Each arrow means “widens to.” String is the top type — every type eventually reaches it.

The one special case is Integer → Float: integers widen to floats (not directly to String) because the conversion is lossless.

Two same-category combinations widen internally instead of jumping to String:

  • Array + Array — element types are widened recursively (e.g., Integer[] + String[] → String[])
  • Object + Object — keys are merged, and shared keys have their values widened recursively

Everything else (Boolean + any other type, Array + scalar, Object + scalar, Array + Object) widens to String.

Type widening in practice

When mdvs scans your files and the same field has different types, it picks the least upper bound — the most specific type that covers all observed values.

Integer + Float → Float

In example_kb, the wavelength_nm field appears in three experiment notes:

# experiment-1.md
wavelength_nm: 850       # Integer

# experiment-2.md
wavelength_nm: 632.8     # Float

# experiment-3.md
wavelength_nm: 780.0     # Float

Result: wavelength_nm is inferred as Float. The integer 850 is safely represented as a float.

Integer + String → String

The priority field uses numbers in one project and text in another:

# projects/alpha/overview.md
priority: 1              # Integer

# projects/beta/overview.md
priority: high           # String

Result: priority is inferred as String. There’s no numeric type that can hold "high", so mdvs widens to String.

Boolean + any non-Boolean → String

If the same field is true in one file and 3 in another, there’s no numeric or boolean type that can hold both. The result is String.

This doesn’t happen in example_kb because booleans (draft) are used consistently — but it’s a common mistake in organically grown vaults where someone writes draft: yes (String) instead of draft: true (Boolean).

Array element widening

The tags field is a string array in most files, but one file accidentally used integers:

# projects/alpha/overview.md
tags:
  - biosensor
  - metamaterial          # String[]

# projects/beta/notes/replication.md
tags:
  - 1
  - 2
  - 3                     # Integer[]

Result: tags is inferred as String[]. The array element types (String vs Integer) are widened to String, giving String[].

Object key merging

When two files have the same Object field with different keys, mdvs merges all keys. If a key appears in both files with different value types, the value is widened.

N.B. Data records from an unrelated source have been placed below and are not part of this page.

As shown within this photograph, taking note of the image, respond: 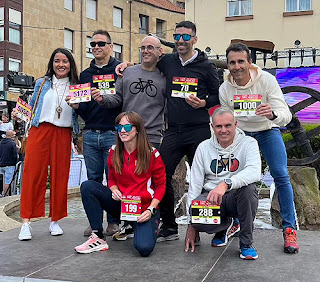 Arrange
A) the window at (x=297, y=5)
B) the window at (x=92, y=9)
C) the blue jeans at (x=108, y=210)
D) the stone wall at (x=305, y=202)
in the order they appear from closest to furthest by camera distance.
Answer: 1. the blue jeans at (x=108, y=210)
2. the stone wall at (x=305, y=202)
3. the window at (x=297, y=5)
4. the window at (x=92, y=9)

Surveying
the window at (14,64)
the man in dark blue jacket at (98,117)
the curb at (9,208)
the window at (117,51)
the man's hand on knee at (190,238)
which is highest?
the window at (117,51)

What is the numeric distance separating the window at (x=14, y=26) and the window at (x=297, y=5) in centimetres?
1650

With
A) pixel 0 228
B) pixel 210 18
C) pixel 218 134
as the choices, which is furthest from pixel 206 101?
pixel 210 18

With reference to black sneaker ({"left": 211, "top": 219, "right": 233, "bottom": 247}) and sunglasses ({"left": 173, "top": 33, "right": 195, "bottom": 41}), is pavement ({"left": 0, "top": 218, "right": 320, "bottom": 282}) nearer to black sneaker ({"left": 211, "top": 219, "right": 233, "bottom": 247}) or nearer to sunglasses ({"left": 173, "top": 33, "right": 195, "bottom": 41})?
black sneaker ({"left": 211, "top": 219, "right": 233, "bottom": 247})

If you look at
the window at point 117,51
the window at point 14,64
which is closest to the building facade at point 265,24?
the window at point 14,64

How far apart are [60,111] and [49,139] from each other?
11.7 inches

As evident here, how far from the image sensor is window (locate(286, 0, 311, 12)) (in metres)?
18.4

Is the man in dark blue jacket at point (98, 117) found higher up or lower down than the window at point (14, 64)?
lower down

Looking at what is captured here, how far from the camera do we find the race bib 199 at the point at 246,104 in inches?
164

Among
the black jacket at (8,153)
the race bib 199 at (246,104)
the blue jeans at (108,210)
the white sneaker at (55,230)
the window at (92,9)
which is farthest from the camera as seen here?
the window at (92,9)

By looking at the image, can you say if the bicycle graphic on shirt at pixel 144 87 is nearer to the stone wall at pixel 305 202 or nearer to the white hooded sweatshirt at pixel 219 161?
the white hooded sweatshirt at pixel 219 161

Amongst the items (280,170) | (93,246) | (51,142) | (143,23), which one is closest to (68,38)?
(143,23)

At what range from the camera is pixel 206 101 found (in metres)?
4.52

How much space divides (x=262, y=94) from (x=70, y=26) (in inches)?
1143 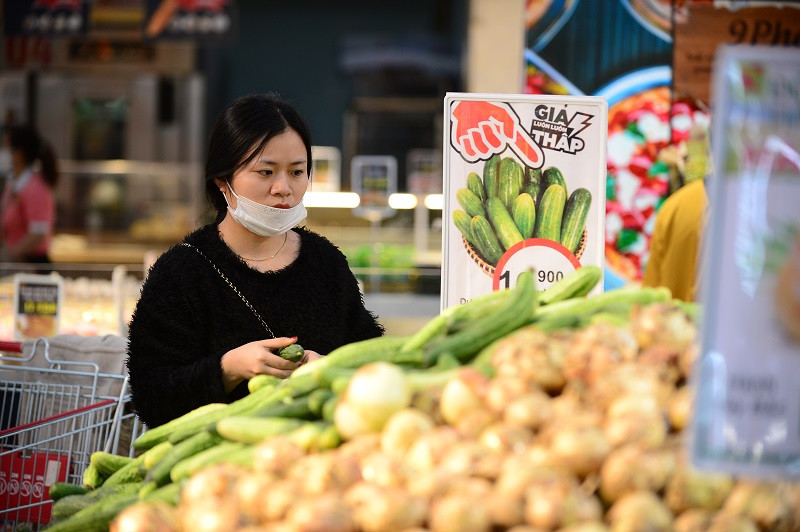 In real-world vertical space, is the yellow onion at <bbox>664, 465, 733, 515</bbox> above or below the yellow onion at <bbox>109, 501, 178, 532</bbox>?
above

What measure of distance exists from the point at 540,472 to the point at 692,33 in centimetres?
431

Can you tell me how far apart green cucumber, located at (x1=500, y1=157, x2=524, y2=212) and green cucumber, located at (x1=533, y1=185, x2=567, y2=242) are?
0.28 feet

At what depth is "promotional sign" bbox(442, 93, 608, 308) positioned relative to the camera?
9.91ft

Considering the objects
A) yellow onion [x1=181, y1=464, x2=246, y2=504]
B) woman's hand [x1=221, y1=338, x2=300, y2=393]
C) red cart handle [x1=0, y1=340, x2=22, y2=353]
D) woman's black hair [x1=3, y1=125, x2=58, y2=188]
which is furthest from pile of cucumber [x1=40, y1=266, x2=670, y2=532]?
woman's black hair [x1=3, y1=125, x2=58, y2=188]

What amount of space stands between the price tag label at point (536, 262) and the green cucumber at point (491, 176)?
6.7 inches

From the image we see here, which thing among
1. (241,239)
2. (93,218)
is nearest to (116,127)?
(93,218)

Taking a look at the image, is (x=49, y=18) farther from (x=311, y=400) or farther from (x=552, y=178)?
(x=311, y=400)

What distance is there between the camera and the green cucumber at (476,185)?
3018 mm

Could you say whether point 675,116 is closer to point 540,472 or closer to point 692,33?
point 692,33

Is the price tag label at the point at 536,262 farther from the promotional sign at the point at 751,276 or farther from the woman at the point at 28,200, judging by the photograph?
Answer: the woman at the point at 28,200

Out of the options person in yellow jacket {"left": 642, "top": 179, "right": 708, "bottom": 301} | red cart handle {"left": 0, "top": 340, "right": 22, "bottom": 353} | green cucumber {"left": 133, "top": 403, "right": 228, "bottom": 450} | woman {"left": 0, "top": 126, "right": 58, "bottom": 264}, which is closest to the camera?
green cucumber {"left": 133, "top": 403, "right": 228, "bottom": 450}

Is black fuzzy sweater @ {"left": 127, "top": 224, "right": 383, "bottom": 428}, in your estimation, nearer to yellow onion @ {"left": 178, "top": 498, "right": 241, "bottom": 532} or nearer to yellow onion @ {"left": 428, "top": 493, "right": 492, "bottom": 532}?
yellow onion @ {"left": 178, "top": 498, "right": 241, "bottom": 532}

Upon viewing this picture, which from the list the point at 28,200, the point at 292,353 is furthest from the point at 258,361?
the point at 28,200

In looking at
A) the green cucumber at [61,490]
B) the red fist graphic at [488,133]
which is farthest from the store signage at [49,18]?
the green cucumber at [61,490]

In example_kb, the calibration object appears in two experiment files with different structures:

# experiment-1.md (simpler calibration, integer values)
calibration:
  baseline:
    wavelength: 850            # Integer
    intensity: 1               # Integer
    notes: "initial reference" # only in this file

# experiment-2.md (full calibration, float values)
calibration:
  baseline:
    wavelength: 632.8          # Float
    intensity: 0.95            # Float
  adjusted:                    # only in this file
    wavelength: 633.1
    intensity: 0.97

Result: calibration is inferred as:

{
  "adjusted": {
    "intensity": "Float",
    "wavelength": "Float"
  },
  "baseline": {
    "intensity": "Float",
    "notes": "String",
    "wavelength": "Float"
  }
}

What happened:

  • baseline appears in both → keys merged, values widened: wavelength Integer + Float → Float, intensity Integer + Float → Float, notes only in experiment-1 → kept as String
  • adjusted only in experiment-2 → kept as-is

The full widening matrix

Every possible combination of types and its result:

BooleanIntegerFloatStringArrayObject
BooleanBooleanStringStringStringStringString
IntegerStringIntegerFloatStringStringString
FloatStringFloatFloatStringStringString
StringStringStringStringStringStringString
ArrayStringStringStringStringArray*String
ObjectStringStringStringStringStringObject*

* Array + Array: element types are widened recursively.

* Object + Object: keys are merged; shared keys are widened recursively.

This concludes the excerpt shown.